General Discussion
In reply to the discussion: It would be nice if the centrists in this party did some introspection, too. [View all]Ken Burch
(50,254 posts)(BTW, this thread was not about arguing that we should have had a different nominee OR posted in any attempt to minimize those failings in the Sanders campaign-that happened, it should not have happened, and lessons have been and are being learned. But I'll addressed this since you've brought it up here. For whatever its worth, I have no personal preference about who we should nominate in 2020 and am not campaigning for ANYONE in this thread).
I think most Sanders supporters DO acknowledge the validity of your critique of the campaign, out in the non-cyber discourse, and I apologize for that failing having occurred in the campaign.
We're past that campaign, though now, at least in chronology...at this stage, is it really necessary to STILL assume that social justice and economic justice are opposed causes?
It's one thing to say we need to make it clear that the anti-racist fight is centered...but is the ONLY way to do that to KEEP saying "oh no you don't!" to economic justice advocates?
In your mind, is it STILL not possible to move from call-outs towards dialog? Towards at least the possibility of giving people you disagreed with in the primaries the benefit of the doubt in the current situation? Towards at least being open to the possibility of eventually accepting them as allies or, if nothing else, as at least being teachable?

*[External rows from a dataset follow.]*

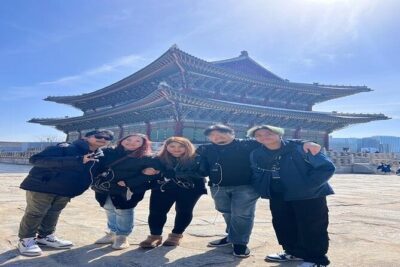 Seoul: Gyeongbokgung Palace Half Day Tour - Meeting at Gyeongbokgung Station Exit 5 (and Finding Your Guide)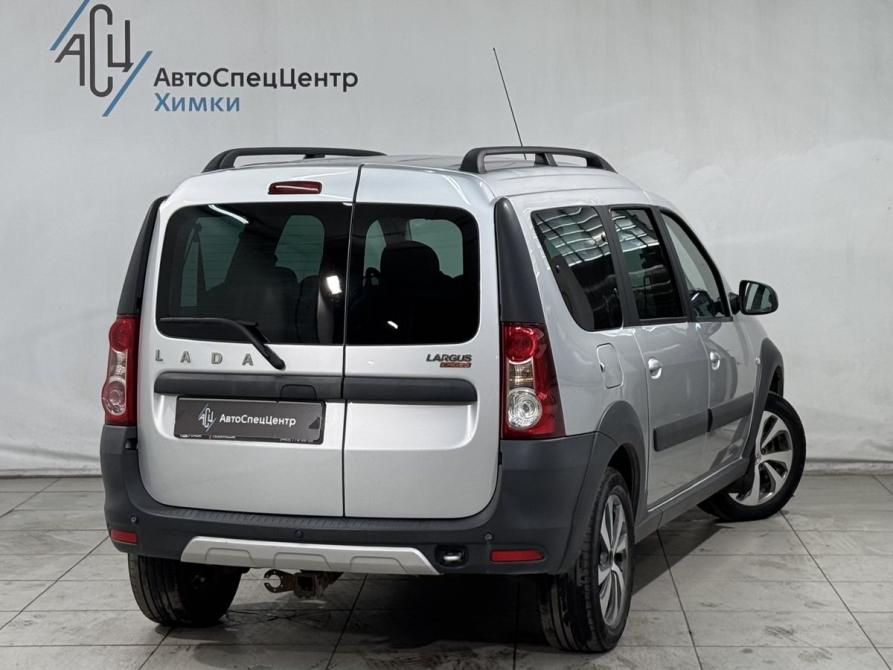 Lada (ВАЗ) Largus I Химки  - изображение 2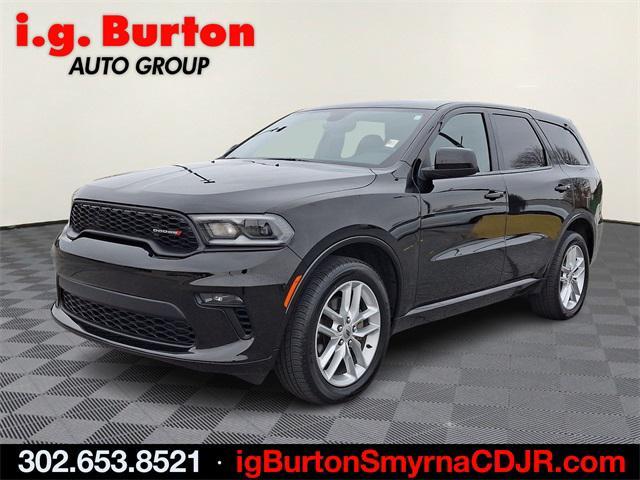 used 2022 Dodge Durango car, priced at $30,995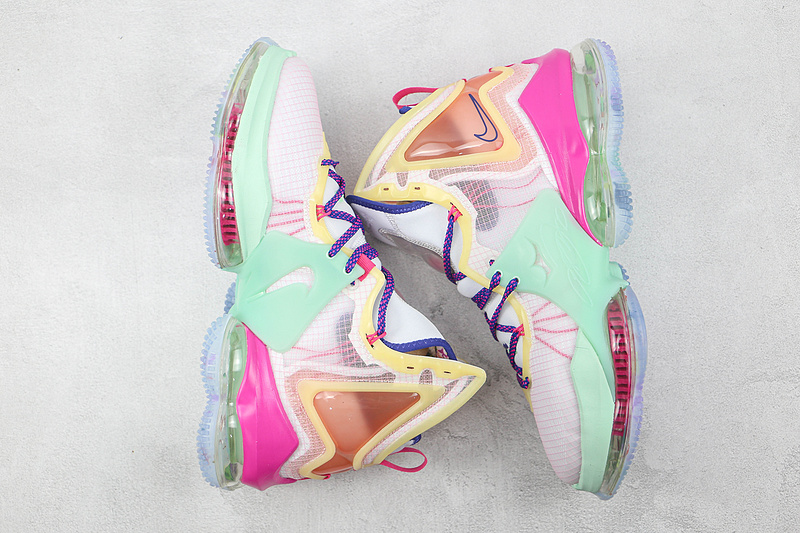 Lebron 19 Ep Valentine's Day Multi-Color/Multi-Color 11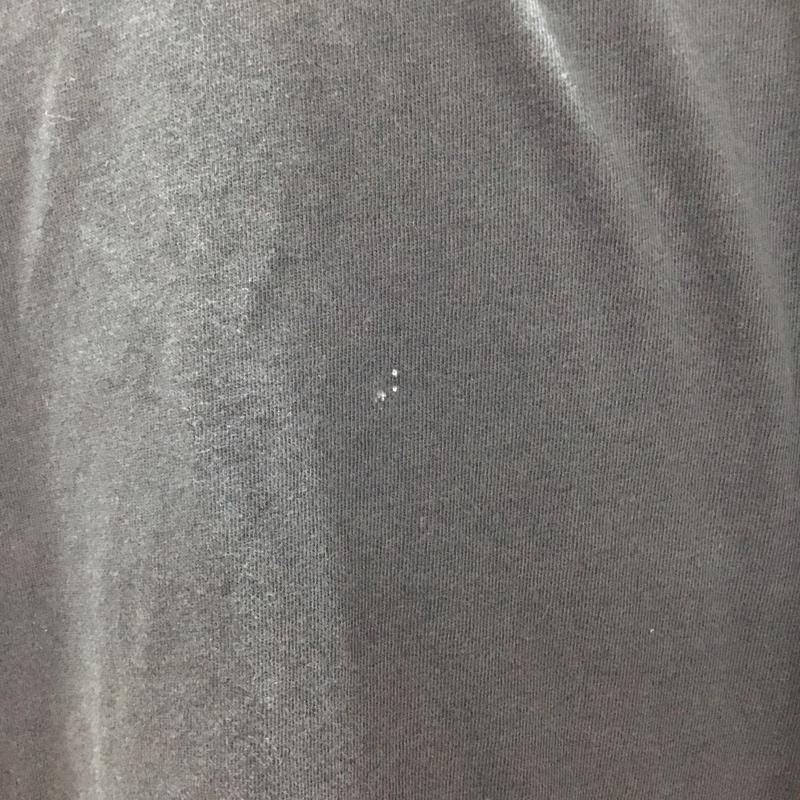 ポロバイラルフローレン Polo by RALPH LAUREN カットソー 長袖 長袖カットソー クルーネックカットソー ロングスリーブカットソー L ロゴ、文字 黒 / ブラック /  メンズ USED 古着 中古 10109593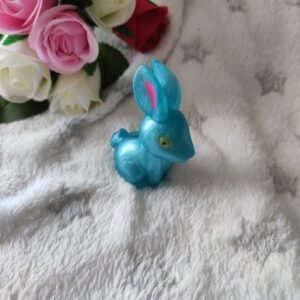 Lapin - Fabrication artisanale unique en résine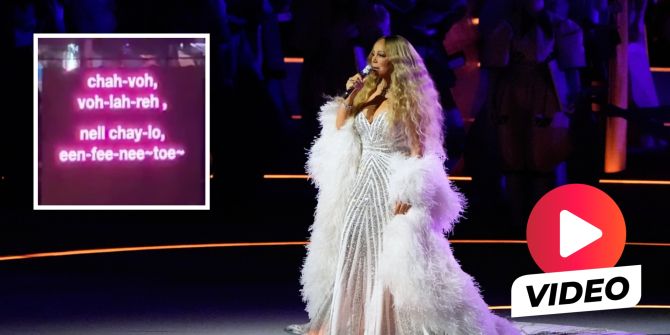 Mariah Carey Olympia 2026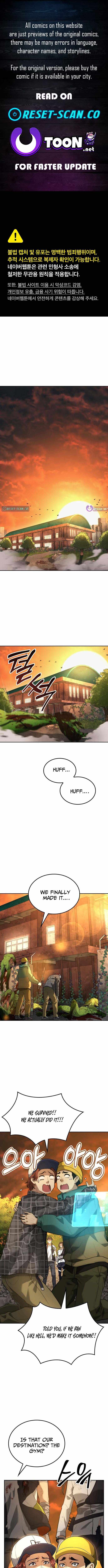 Return of the Star Player, Chapter 4, page 1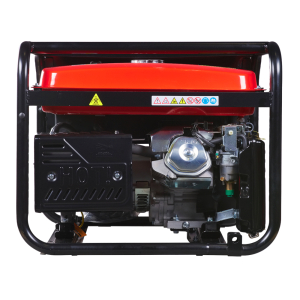Бензиновый генератор Fubag BS 6600 DA ES 646282 синхронный фото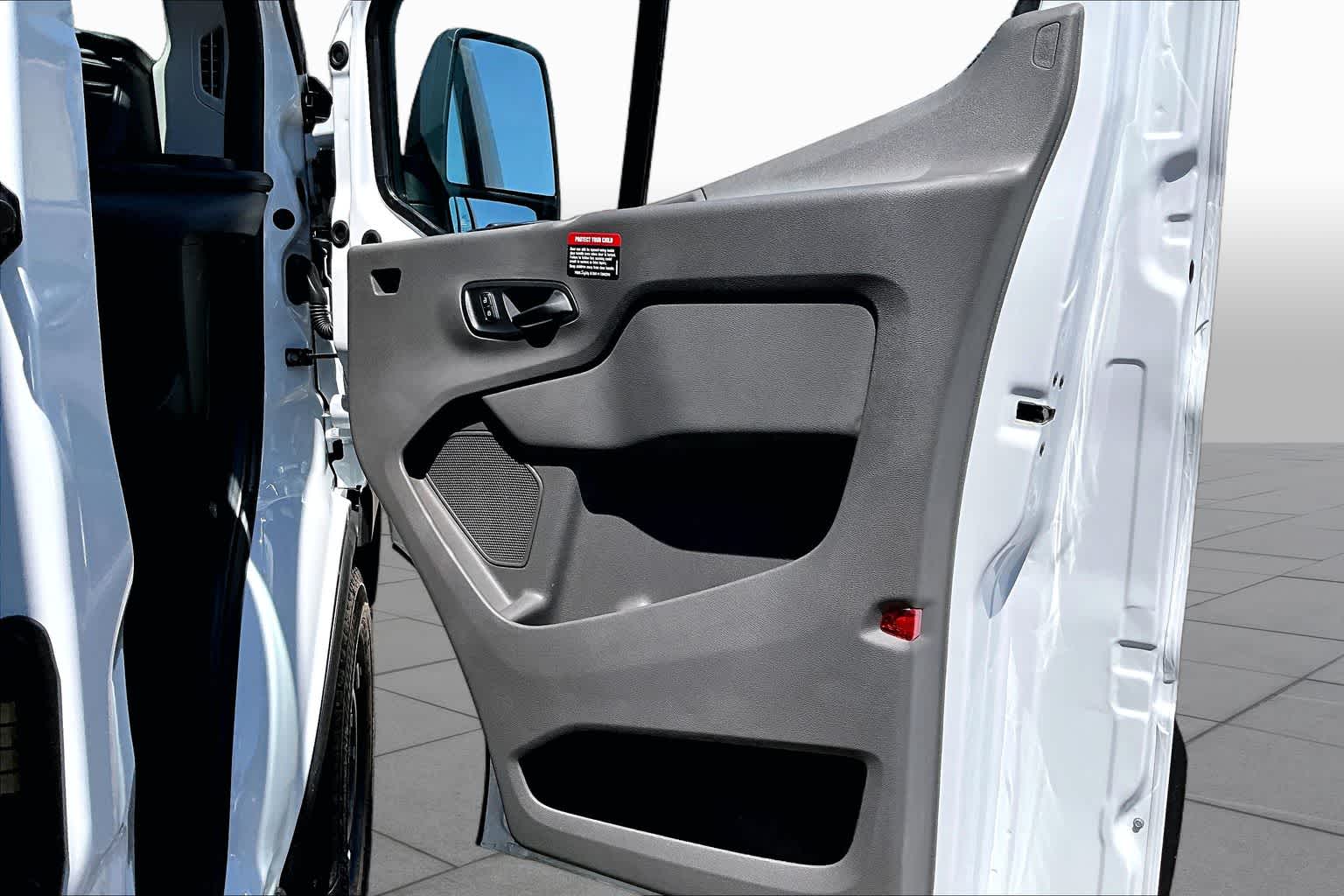 2026 Ford Transit Cargo Van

Most of us, even if this wasn't expressed online-and who knows who the online "bros" even were or are? It's likely a lot of them were actually right-wing trolls in disguise-were and are personally committed to the fight against institutional and grassroots racism, and a lot are taking a more active role. Some of us have joined groups like SURJ(in the chapter I'm in in Olympia, I'd guess that probably two-thirds of the people in the organization are Sanders primary supporters, just from the way they speak about things).
Those who want a more general appeal on class issues aren't calling on the party to say LESS about racism. And we aren't trying to get the votes of people who are anti-diversity. Instead, we're trying to get the votes of people who voted for other candidates or didn't vote because they felt neither party addressed their economic condition.
Why is there this assumption that the party can defend diversity, OR it can speak out against class exploitation, but that somehow it cannot do BOTH?
And as we call for trying to reach THAT sector of voters(the desparate, not the bigots)we JOIN everyone else in fighting back against voter suppression. In my experience
Why assume that saying more about class and greed HAS to mean saying less about race? Why assume that is has to be "either/or"?
What Bernie said about "identity politics" after the election was poorly worded and I'd have advised him not to say it if I'd been o his staff...but that's Bernie-it's not the ENTIRE economic left. And Bernie probably won't run for president again.
For the rest of us, I think we agree with you that "there is no revolution possible without black, brown, woman, and LGBTQ liberation".